Extracts text from a file and can be called with a POST Request to the following URL:
[POST] https://azure.leadtools.com/api/Recognition/ExtractText
The following parameters are required unless indicated otherwise, and are used by all Conversion and Recognition API calls:
Parameter | Description | Accepted Values |
---|---|---|
fileUrl (Optional) |
The URL to the file to be processed. For more information, refer to the Cloud Services Overview section. | A string or URI containing a valid URL to the file to be uploaded. |
firstPage |
The first page in the file to process. | An integer value between 1 and the total number of pages in the file. |
lastPage |
The last page in the file to process. | Passing a value of -1 or 0 will indicate to the service that all pages between the First Page parameter, and the last page in the file will be processed. Otherwise, an integer value between 1 and the total number of pages in the file must be passed, and the value must be greater than or equal to the value specified in the FirstPage parameter. |
guid (Optional) |
Unique identifier corresponding to an uploaded file. This value will be returned when a file is uploaded using the UploadFile service call. | A valid GUID |
filePassword (Optional) |
The password to unlock a password protected file. | A string containing the password for a secure PDF. |
callbackUrl (Optional) |
Passing a callbackURL to the service will allow us to notify you when your file has finished processing. If the callbackUrl is invalid or malicious, it will be ignored. The LEADTOOLS Cloud Services will send the request’s ID in the body of the message sent to the callbackUrl. | A string or URI containing a valid URL to message. |
ocrLanguage (Optional) |
The OCR Language to use when OCRing a Raster file. Defaults to en (English) if no languages are specified. | 0 - en 1 - bg 2 - hr 3 - cs 4 - da 5 - nl 6 - fr 7 - de 8 - el 9 - hu 10 - it 11 - pl 12 - pt 13 - sr 14 - es 15 - sv 16 - tr 17 - uk |
Additional parameters available are listed below.
Parameter | Description | Accepted Values |
---|---|---|
characterinfo (Optional) |
Value indicating whether you want to receive additional data regarding the Characters found in each page and their locations. | A Boolean |
The following status codes will be returned when the method is called:
Status | Description |
---|---|
200 | The request has been successfully received. |
400 | The request was not valid for one of the following reasons: Required request parameters were not included.
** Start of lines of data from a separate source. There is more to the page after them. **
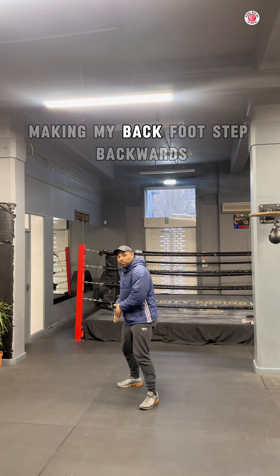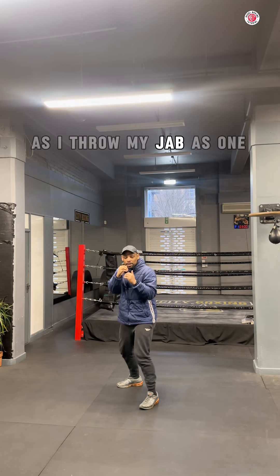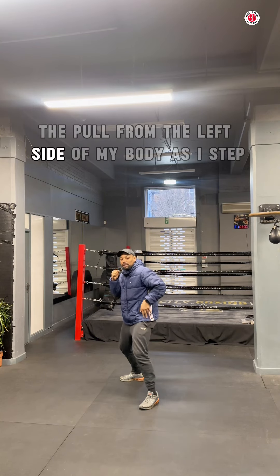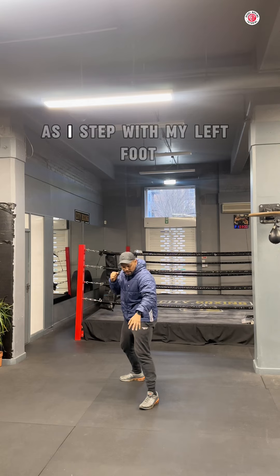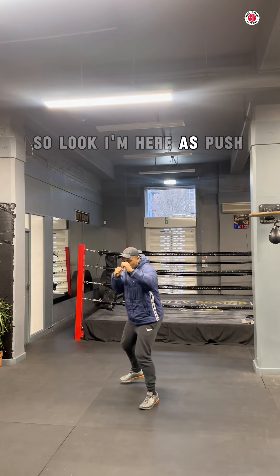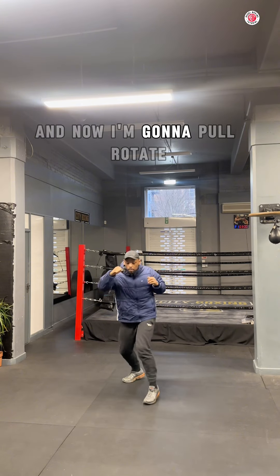For the first move, I'm going to push off my front foot, making my back foot step backwards as I throw my jab — that's one. The second move is the pull from the left side of my body as I step with my lead foot backwards. So I've pushed, and now I'm going to pull.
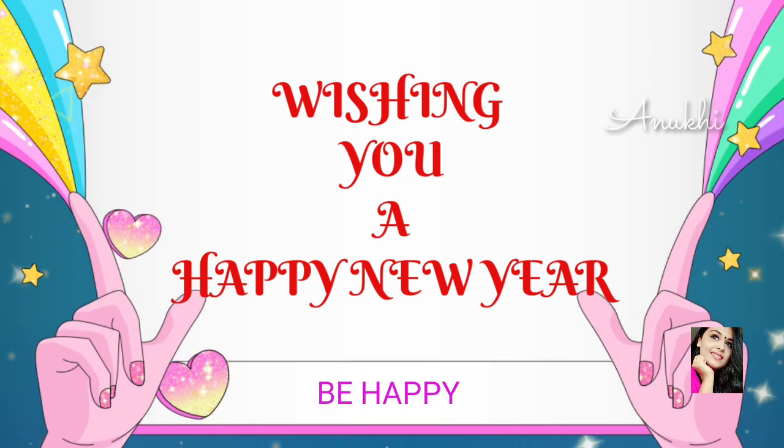Hello everyone, welcome to our channel. My name is Anusha. Happy New Year — this year is 2020.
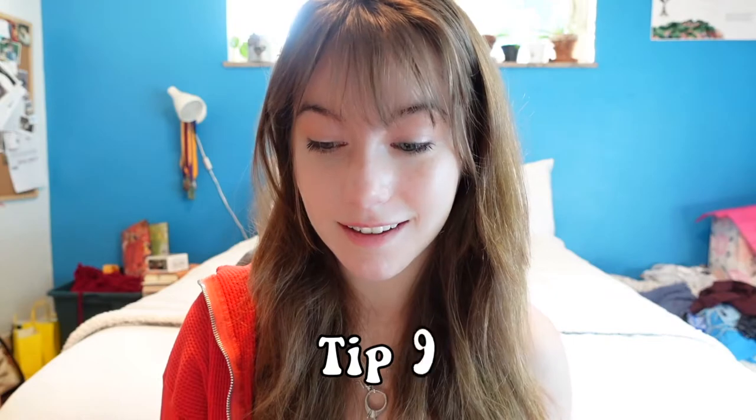Tip number nine: we all love fluffy yarn — go buy some, sure — but don't crochet with it yet. Just use it as motivation to keep practicing and get better until you have a few projects under your belt and you feel comfortable crocheting. Learning how to crochet with fluffy yarn is a whole new learning process. The stitches are different, the hook size is a lot bigger. Until you have normal crocheting down, I don't recommend fluffy yarn. But after you have a few projects done, go ahead and try it — you can make fluffy stuffed animals, fluffy sweaters, lots of fun things.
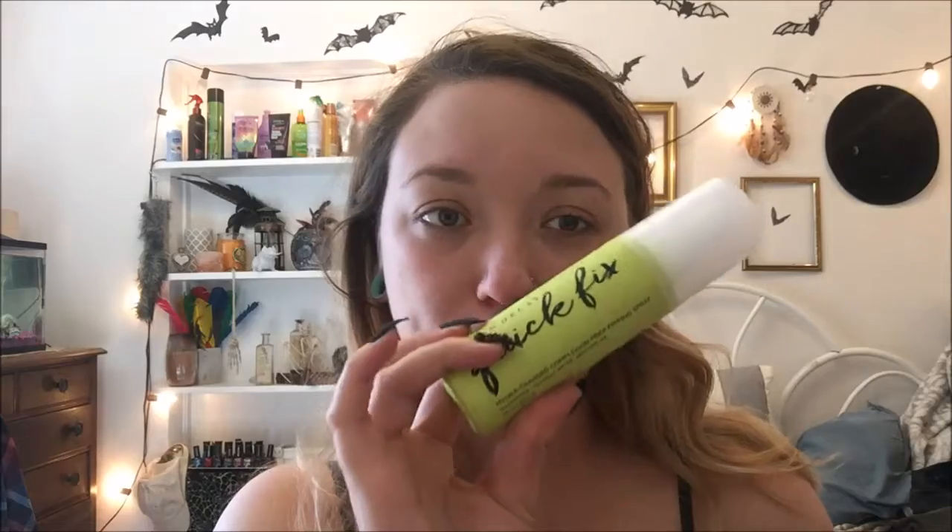To start off, I am going to be priming my face. I'm going to be using the Smashbox Photo Finish Foundation Primer. This is my go-to, I absolutely love it. Next, I'm taking my Urban Decay Quick Fix and I'm just going to spray this all over my face.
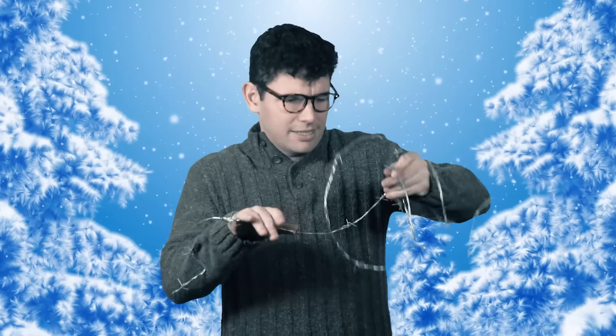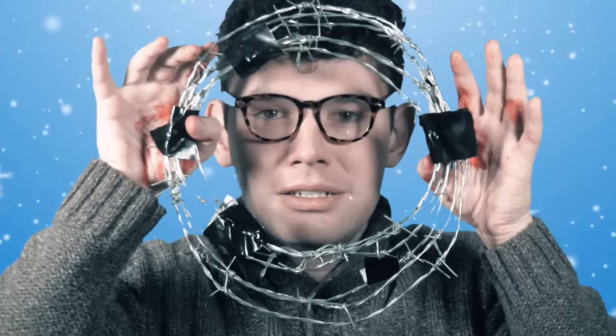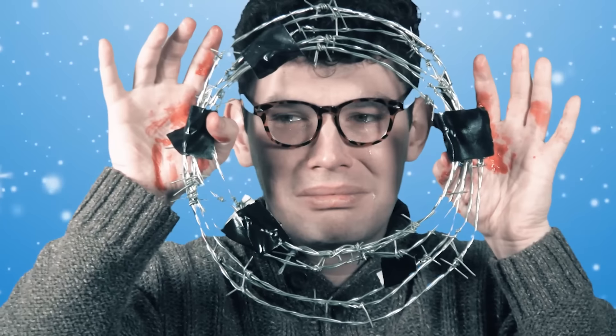Simply take some barbed wire that you were using for that cage you were building with Dad. Take the barbed wire and put it into this circle shape.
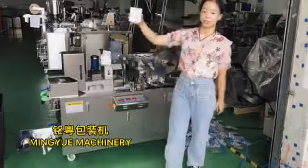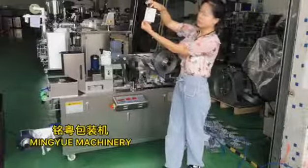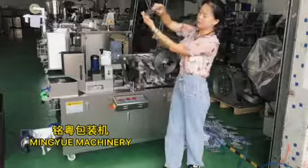You can see this is all really suitable. Really perfect. This is the back side. We put the capsule, or candy, or tablet, in PVC form.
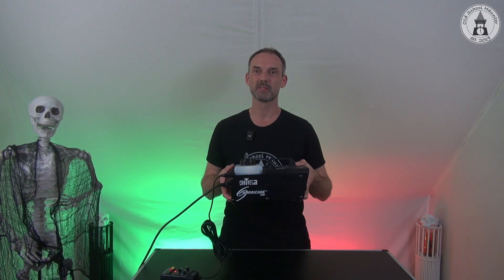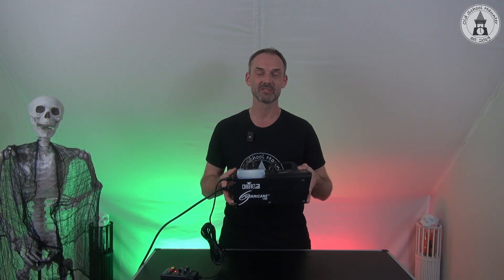Hi guys, welcome to Oldschool Hunter and the Chauvet DJ Hurricane 1200 and the blue blinking light of death.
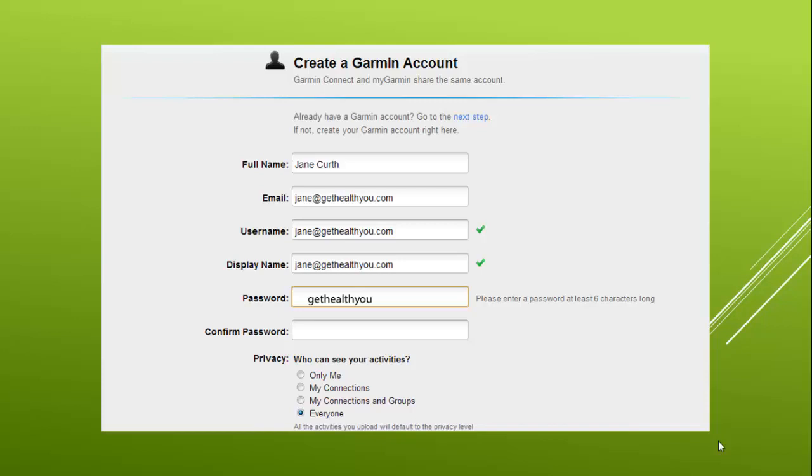It's important to use your email address as your username and GetHealthyYou as your password so we can access your workouts. Finally, agree to the terms and conditions and click Continue.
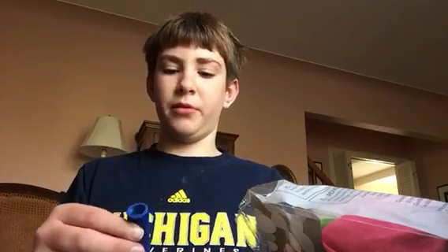What's up guys? Charlie here. Today I'm going to show you two ways to tie a balloon. First I'm going to show you the most common way to tie a balloon.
GUID value was not provided. File information provided was malformed. Attempting to queue a request on a file that has not yet been verified. |
401 | The AppID/Password combination is not valid or does not correspond with the GUID provided. |
402 | There are not enough pages left in the Application to process the request. |
500 | There was an internal error processing your request. |
If performing a single-service call, a unique-identifier will be returned that can be used to query the progress of the extraction.
This method is available for free in our live Online Demo. You do not need an account and you can test out your own files to see the results.
//Simple script to make and process the results of an ExtractText request to the LEADTOOLS CloudServices.
const request = require('request');
var servicesUrl = "https://azure.leadtools.com/api/";
//The first page in the file to mark for processing
var firstPage = 1;
//Sending a value of -1 will indicate to the services that the rest of the pages in the file should be processed.
var lastPage = -1;
//We will be uploading the file via a URL. Files can also be passed by adding a PostFile to the request. Only 1 file will be accepted per request.
//The services will use the following priority when determining what a request is trying to do GUID > URL > Request Body Content
var fileURL = 'https://demo.leadtools.com/images/pdf/leadtools.pdf';
var recognitionUrl = servicesUrl + 'Recognition/ExtractText?firstPage=' + firstPage + '&lastPage=' + lastPage + '&fileurl=' + fileURL;
request.post(getRequestOptions(recognitionUrl), recognitionCallback);
function recognitionCallback(error, response, body){
if(!error && response.statusCode == 200){
var guid = body;
console.log("Unique ID returned by the Services: " + guid);
}
}
function getRequestOptions(url){
//Function to generate and return HTTP request options.
var requestOptions ={
url: url,
headers: {
'Content-Length' : 0
},
auth: {
user:"Enter Application ID",
password:"Enter Application Password"
}
};
return requestOptions;
}